Like Ferrary, Wei spoke about the real-life impacts of alcohol abuse.

“I never get used to seeing a 28-year-old mother of three in fulminant liver failure, yellow from head to toe, because she can’t clear her toxins, bleeding from every orifice of her body because she can’t make the proteins needed to clot blood,” Wei said. “I never get used to telling her children and her mother that she has died from a preventable illness. Yes, a preventable illness, but only if sound, evidence-based public health practices are enacted like HB 230.”

The bill drew stiff opposition from the powerful alcohol industry.

Brent Moore, a registered lobbyist for Anheuser-Busch, said the Missouri-based brewing company supports responsible consumption.

“There is no doubt that New Mexico needs to support those efforts,” he said.

But he decried what a fiscal impact report identified as “substantial” liquor excise tax increases on liquor, beer and other alcohol.

Sen. Bill Tallman, D-Albuquerque, a co-sponsor of the bill, said it’s “unconscionable” the state hasn’t increased the alcohol tax in three decades.
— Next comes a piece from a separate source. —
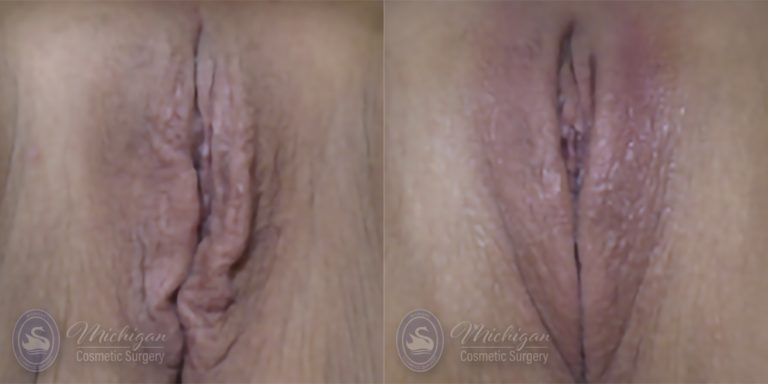 Labiaplasty Before and After Photo by Dr. Awada in Southfield Michigan
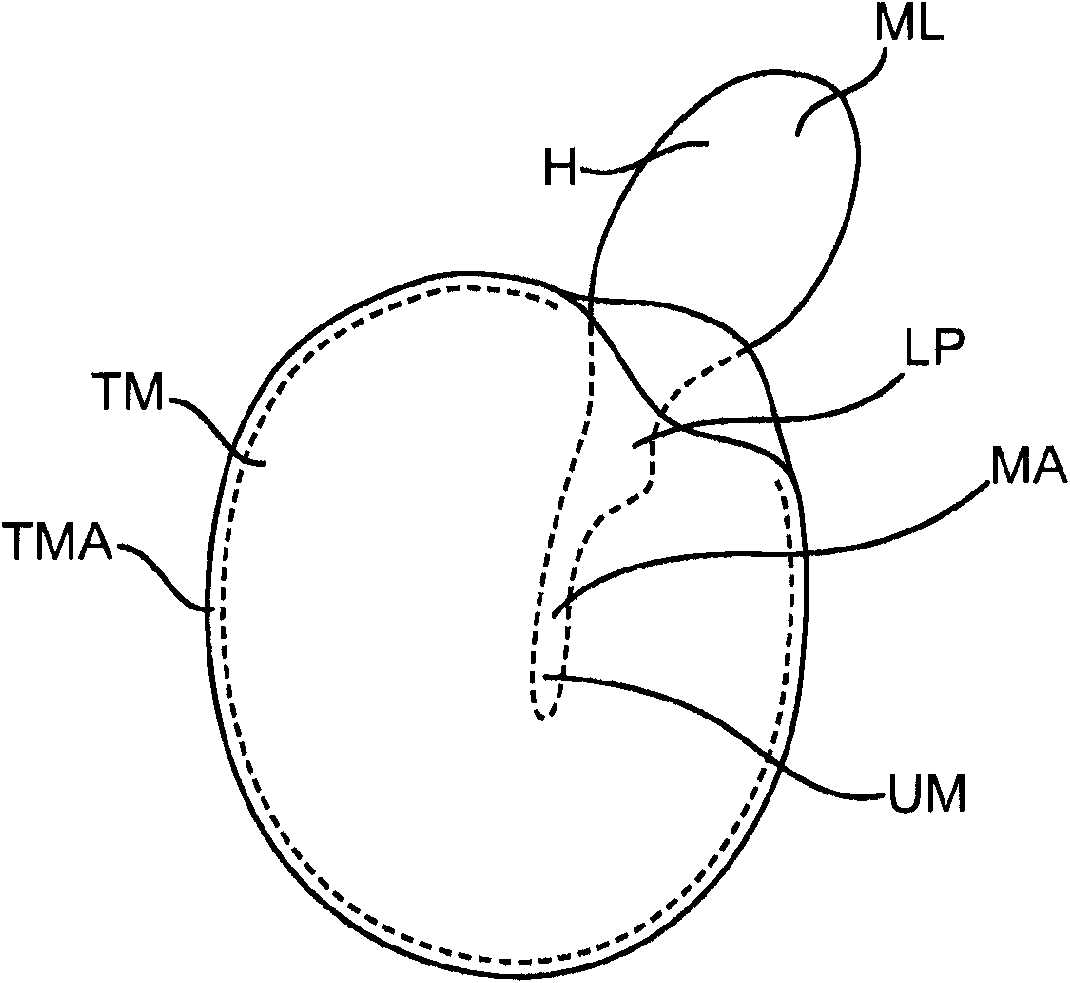 Optically coupled acoustic middle ear implant systems and methods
“It’s unfortunate when I hear legislators say, ‘Well, it’s so difficult to raise taxes,’ ” he said. “Well, we’ve raised the tobacco tax several times in the last 30 years but not alcohol. I ask people, ‘Why is that?’ They say it’s because the alcohol lobby is stronger and more forceful than the tobacco industry. What a sad commentary.”

Representatives for the New Mexico brewer and distiller guilds, the New Mexico Restaurant Association and the Greater Albuquerque Chamber of Commerce also testified against the bill.

“We don’t dispute that our state has a drinking problem,” said Sara Fitzgerald, the Albuquerque chamber’s senior vice president of policy research and strategic communications. “But simply ratcheting up a tax isn’t the answer to combating alcohol abuse. It needlessly punishes very responsible adults, and it would hurt local economies.”

Fitzgerald argued attempts to make alcohol “a cost prohibitive luxury” wouldn’t deter anyone from drinking.

“The truly determined will cross borders to build their own personal stores,” she said.

Dr. David Jernigan, a professor at Boston University School of Public Health who is considered an expert on alcohol policy, told legislators the bill would reduce alcohol consumption in New Mexico by roughly 7%.

He said the “single most effective thing” that can be done to reduce alcohol problems is to raise the price of alcohol.

“We have literally hundreds of studies that have quantified just how much less people will drink and how much alcohol problems will decline in response to tax increases,” he said. “The bottom line here: Alcohol taxes save lives. They also have the greatest impact on exactly the group causing the problems, which is the excessive drinkers.”

Using a tool developed for the Centers for Disease Control and Prevention, Jernigan estimated 75% of any increase in New Mexico’s tax on alcohol would be paid by the 19% of the state’s population of excessive drinkers.

Jernigan noted New Mexicans who don’t drink alcohol, which he said represents about half the population, won’t have to pay anything.

A fiscal impact report on the bill states the proposed rate increases would be passed on to consumers, “which may drive some of the purchasing of products to neighboring states with lower tax rates or to online retail purchasing.”